Lo spettatore viene immerso in un vortice citazionista ed autocitazionista sempre pronto a ricalcolare qualcosa riconosciuto nel già visto, calandosi tra le immagini orgiasticamente connesse e mettendo sempre alla prova gli acuti sensi da cinefilo, utili nel potersi orientare all’interno della fitta trama di rimandi. Joe Dante conosce bene le regole dei generi cinematografici, tanto da richiamare altro cinema attraverso l’uso fotografico e prospettico che definisce il genere horror, dal gotico italiano al b-movie americano. La sua fotografia può diventare facilmente emule delle atmosfere espressioniste del cinema tedesco, come il mondo in cui cade in sogno Dane Thompson (Chris Massoglia) protagonista di The Hole, oppure possono rivivere le scariche elettriche del cinema su Frankenstein, come nel film L’erba del vicino. Gli stessi gremlins sono germinati dallo stato pupale come gli esseri dei film di Don Siegel o come l’Alien di Scott, film che anticipa di due anni il film di Dante. Le atmosfere horror saranno protagoniste sia nel film L’ululato, omaggio al film di George Waggner, L’uomo lupo, sia in Piranha, dove la tensione sarà calibrata sul dedotto, sull’orrore che non si vede, come ne Lo Squalo di Spielberg. Dante cita sia il cinema passato sia il cinema a lui contemporaneo (la nuova Hollywood che conosce di persona e con la quale collabora), trovando sempre un escamotage narrativo o un dialogo da poter arricchire con la sua conoscenza ed amore per il cinema.
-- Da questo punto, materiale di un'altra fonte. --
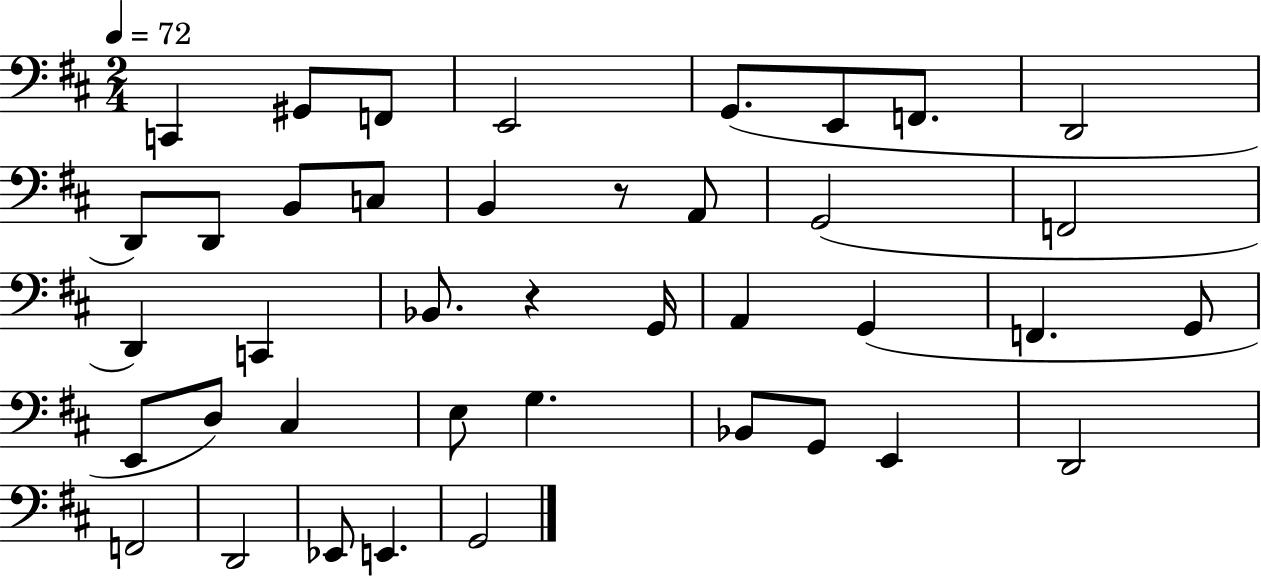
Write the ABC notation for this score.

X:1
T:Untitled
M:2/4
L:1/4
K:D
C,, ^G,,/2 F,,/2 E,,2 G,,/2 E,,/2 F,,/2 D,,2 D,,/2 D,,/2 B,,/2 C,/2 B,, z/2 A,,/2 G,,2 F,,2 D,, C,, _B,,/2 z G,,/4 A,, G,, F,, G,,/2 E,,/2 D,/2 ^C, E,/2 G, _B,,/2 G,,/2 E,, D,,2 F,,2 D,,2 _E,,/2 E,, G,,2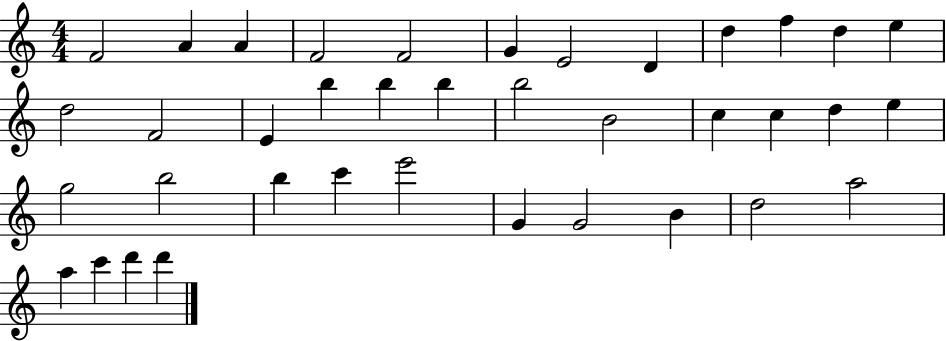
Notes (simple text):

F4/h A4/q A4/q F4/h F4/h G4/q E4/h D4/q D5/q F5/q D5/q E5/q D5/h F4/h E4/q B5/q B5/q B5/q B5/h B4/h C5/q C5/q D5/q E5/q G5/h B5/h B5/q C6/q E6/h G4/q G4/h B4/q D5/h A5/h A5/q C6/q D6/q D6/q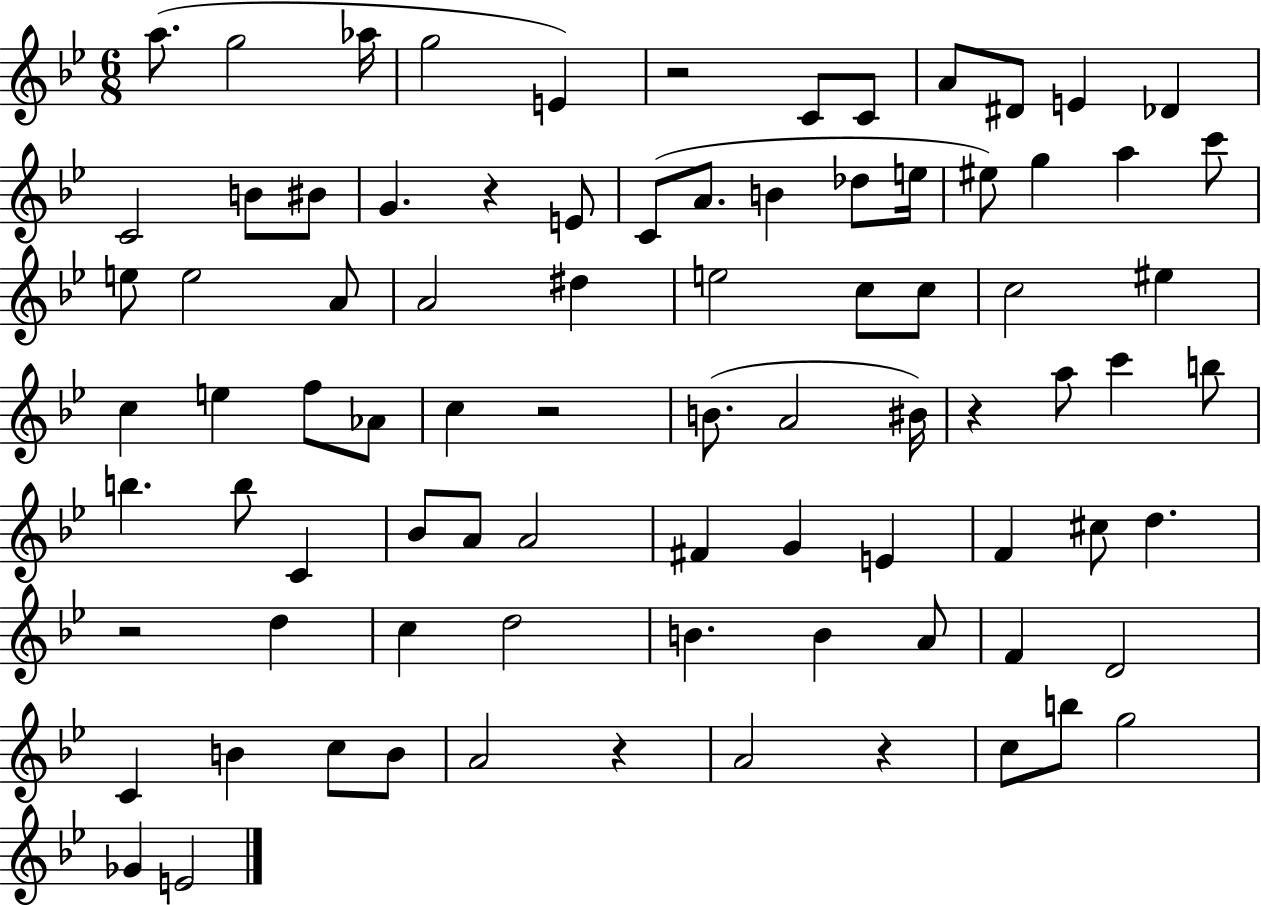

Ogni suo film è uno scrigno pieno di rimandi più o meno espliciti, una corsa sfrenata in una galleria mentale di sconfinata cultura per l’arte e per l’ingegno umano. I Looney Tunes attraversano correndo i quadri dell’impressionismo francese così come il suo cinema attraversa trasversalmente molta sua storia. Un viaggio in diagonale su immagini conosciute, amate ed incise nella memoria dello spettatore.